The Day We Almost Lost Hamtramck

dsc_3715By Charles Sercombe

Hamtramck’s worst nightmare almost came true Thursday morning.

A fuel tank erupted into flames at Sterling Oil on Grand Haven at about 11:30 a.m., which could have potentially spread to a dozen other fuel tanks at the site.

Had the fire spread, officials said there could have been an explosion reaching several blocks away, possibly all the way to Jos. Campau.

About 800 people were evacuated from the Col. Hamtramck public housing complex as well as dozens of other residents living in houses near the Sterling Oil site.

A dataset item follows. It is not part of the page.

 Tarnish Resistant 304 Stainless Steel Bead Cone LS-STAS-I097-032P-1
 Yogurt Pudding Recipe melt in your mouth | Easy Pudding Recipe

For years residents and city officials feared that one day the fuel tanks would explode into flames.

Hamtramck firefighters were aided by Detroit and Highland Park firefighters and were able to contain the blaze. It was an amazing display of skill and bravery. At any time the tanks could have exploded, likely killing the firefighters at the scene.

The cause of the fire was not immediately known.

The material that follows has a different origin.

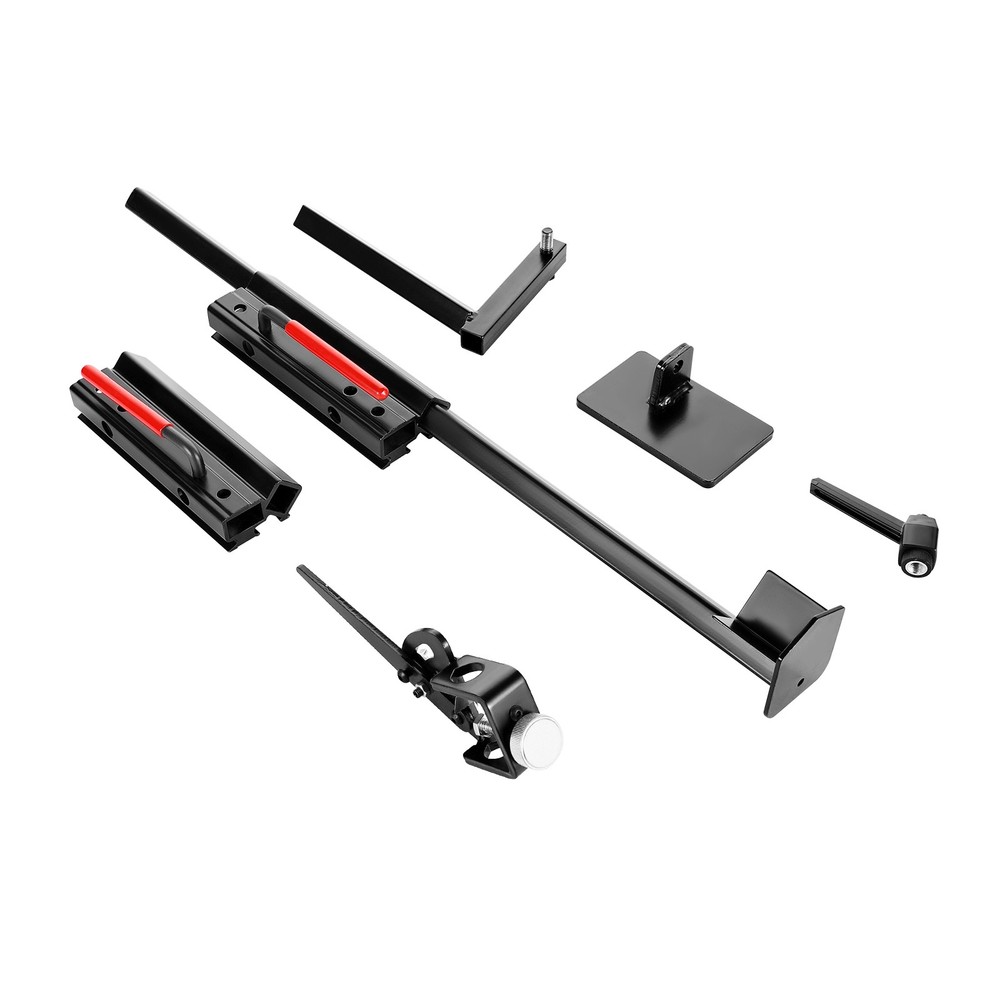 Uimoso Multi-Grind Sharpening System Vari-Grind Jig for 6" & 8" Bench Grinders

At the time we went to press, at 2:30 p.m., there was renewed fear that the fire, which had been knocked down but still stubbornly flickered, might spread to fuel lines.

“We might have a whole other issue,” said Hamtramck Sgt. Wally Tripp.

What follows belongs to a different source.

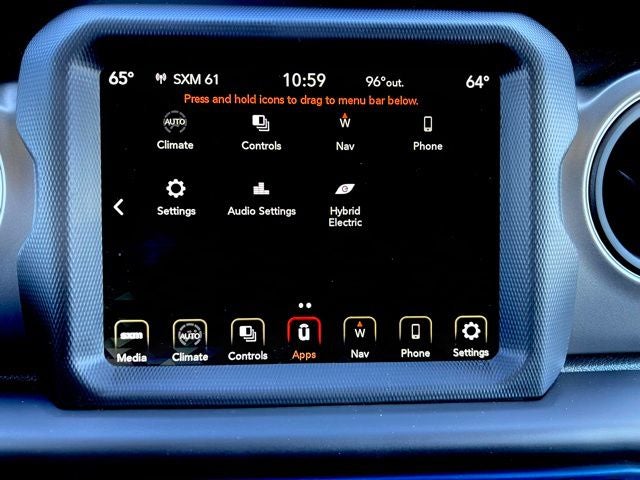 2023 Jeep Wrangler Base 4xe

According to the state DEQ, there is no record of violations at the site.

The website for Sterling Oil & Chemical Co. says the site has the capacity to store five million gallons of various fuels and chemicals in a total of 45 above ground tanks.

Residents in the Col. Hamtramck apartments were bussed to the Senior Plaza where they were provided shelter, food and water.

There were no reported injuries.

Residents in the area said they have long feared the tanks could explode.

“When we were kids we always said if it caught on fire, what would we do?” said Dejuan Slappey, 44, who grew up in the neighborhood near the plant.

The game plan?

“Run,” he said.

Looking on across the I-75 freeway, Toni Matihis was worried about her house on the service drive on the other side of the freeway.

“They should have a plan,” she said.

There is in fact a plan, one created by Wayne County. The plan is essentially to evacuate the neighborhood.

The Hamtramck Housing Commission said its plan in a case like this is to bus residents to the Senior Plaza, which is what happened.

In over 20 years of reporting on fires in Hamtramck, this reporter has never experienced a fire of such magnitude and horrifying implications.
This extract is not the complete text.